The table below provides information concerning obligations under certain categories of our contractual obligations as of June 30, 2015.

CASH PAYMENTS DUE TO CONTRACTUAL OBLIGATIONS

 

  

Years Ending June 30,

(in thousands)

 
   Total   2016   2017-2018   2019-2020   2021 and there after 
Bank and other debt  $3,653   $3,642   $11   $   $ 
Operating leases – continuing operations   1,016    528    326    162     
Potential severance obligations (1)   4,941    41    1,074    218    3,608 
Minimum royalty payments (2) (3) (4)                    
Contractual cash obligations – continuing operations   9,610    4,211    1,411    380    3,608 
Contractual cash obligations – discontinued operations (5)   2,272    1,798    224    100    150 
Total contractual cash obligations  $11,882   $6,009   $1,635   $480   $3,758 

  

 We expect to finance the contractual commitments for continuing operations from cash currently on hand and cash generated from operations.

 

(1) Under Israeli law and labor agreements, DSIT is required to make severance payments to dismissed employees and to employees leaving employment under certain other circumstances. The obligation for severance pay benefits, as determined by the Israeli Severance Pay Law, is based upon length of service and last salary. These obligations are substantially covered by regular deposits with recognized severance pay and pension funds and by the purchase of insurance policies. As of June 30, 2015, we accrued a total of $4.9 million for potential severance obligations to our Israeli employees of which approximately $3.5 million was funded. The timing of actual payment of severance obligations are uncertain as employees may continue to work beyond the legal retirement age.

 

(2) In June 2012, our DSIT and USSI subsidiaries were awarded a joint $900,000 grant from the BIRD Foundation for the joint development of the next generation integrated passive/active threat detection system for underwater site protection. Under the terms of the grant agreement between the BIRD Foundation, DSIT and USSI, both DSIT and USSI will have to repay the grant based on 5% of gross sales of the commercialized product, if any.
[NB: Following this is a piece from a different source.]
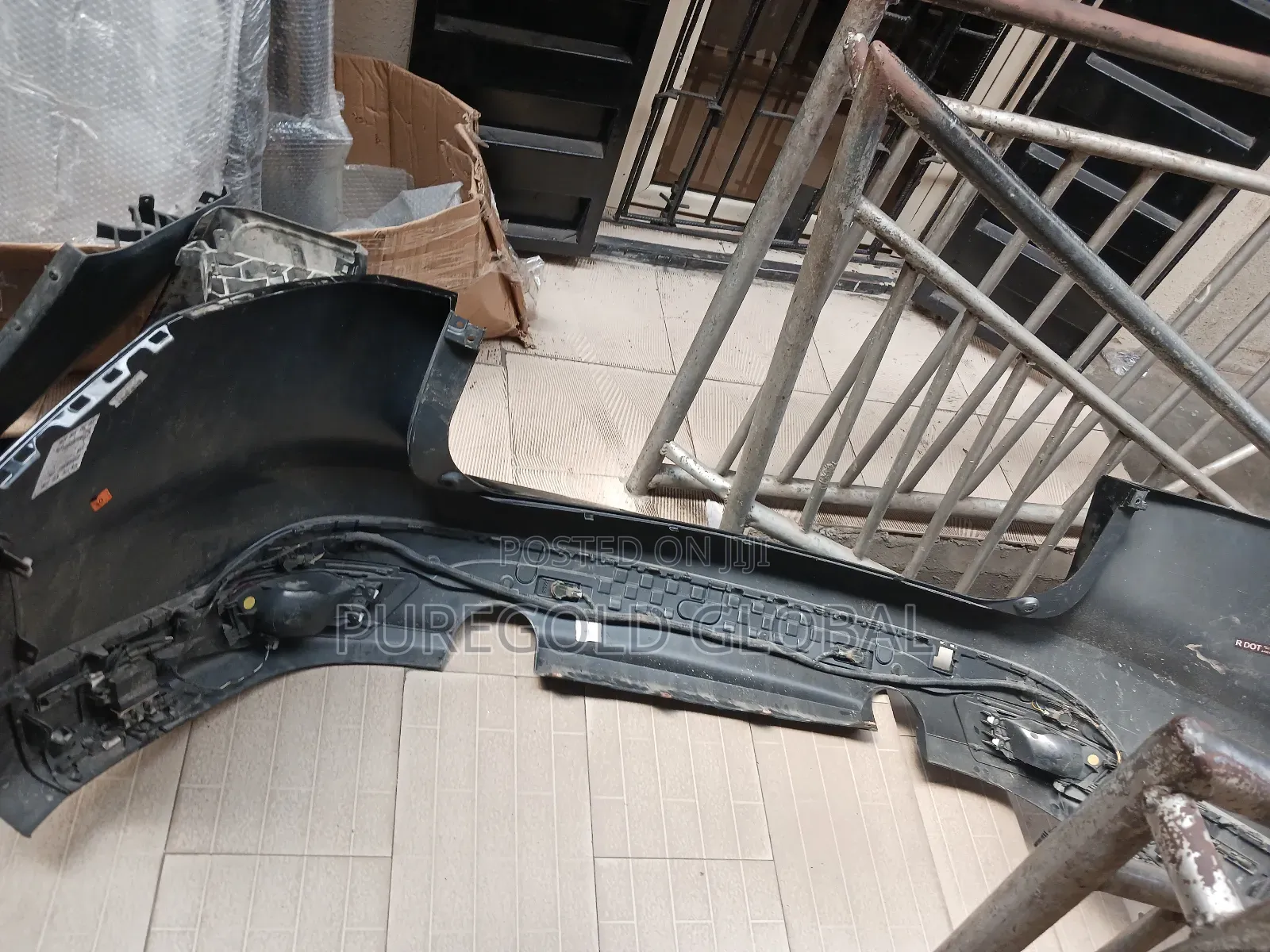 Back Bumper for Jaguar F Pace 2018 Model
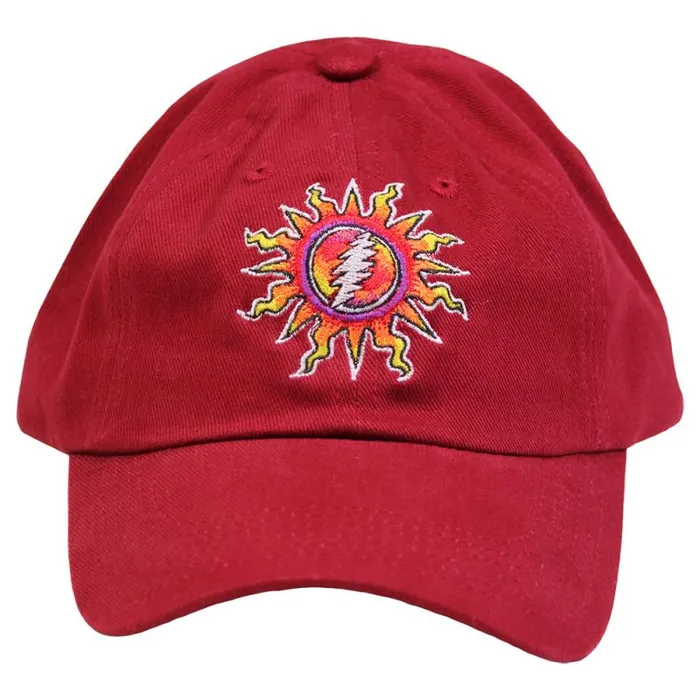 Liquid Blue Hats Accessories GD Sunshine Lightning Red Hat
The above table does not include any royalties that may be paid under this arrangement. It is unclear at this time how the suspension of activities at USSI and the cancellation of participation in the funding of this project by the BIRD Foundation may impact DSIT’s obligations under this arrangement.

 

(3) Our DSIT subsidiary was awarded grants from MEIMAD. Under the terms of the grant agreement between the OCS and DSIT, DSIT will have to repay the grant based on 5% of gross sales of the commercialized product, if any. The above table does not include any royalties that may be paid under this arrangement.

 

(4) Our GridSense subsidiary is required to pay a royalty on any project sale of a particular product of not less than $100,000 to two former employees. The royalty rate is on a sliding scale from 1.5% to 6.0%. The above table does not include any royalties that may be paid under this arrangement.

 

(5) Contractual cash obligations for discontinued operations include $1,460,000 of bank debt currently due, $243,000 and $124,000 of payments due for operating leases due in 2016 and 2017, respectively, $46,000 due for potential severance obligations due in 2016 and a minimum of $50,000 per year due in the years 2016 through 2022 under a license agreement involving several of Northrop Grumman’s fiber-optic technology patents. All the above amounts including all operating lease payments, potential severance obligations and minimum royalty payments have been accrued and are included as current liabilities on USSI’s balance sheet at March 31, 2015 (see Note 4 to our Consolidated Financial Statements).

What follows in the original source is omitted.